• [WORK INSTRUCTION]
Return exactly the lines below, starting with the one that has "اجرای نمایش کودک" and going on through the one that has "EMZ鄂尔多斯【羊毛系列】早秋男装羊毛大衣海军领加厚毛呢外套男".

*** Opening of LISTED ENTRIES ***

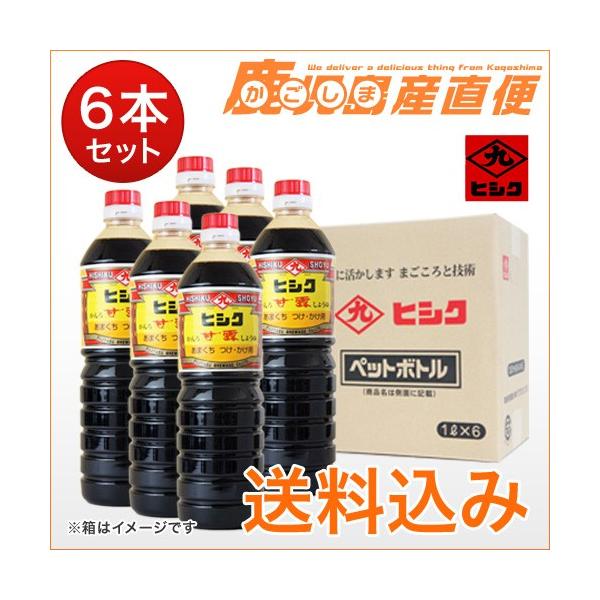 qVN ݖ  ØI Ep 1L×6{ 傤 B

*** Close of LISTED ENTRIES ***
*** Opening of LISTED ENTRIES ***

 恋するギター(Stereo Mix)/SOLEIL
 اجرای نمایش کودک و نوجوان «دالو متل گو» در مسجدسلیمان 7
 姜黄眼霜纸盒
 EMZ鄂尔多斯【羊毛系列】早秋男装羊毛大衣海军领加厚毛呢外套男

*** Close of LISTED ENTRIES ***

• [RESULT FOR THIS EXERCISE]
 اجرای نمایش کودک و نوجوان «دالو متل گو» در مسجدسلیمان 7
 姜黄眼霜纸盒
 EMZ鄂尔多斯【羊毛系列】早秋男装羊毛大衣海军领加厚毛呢外套男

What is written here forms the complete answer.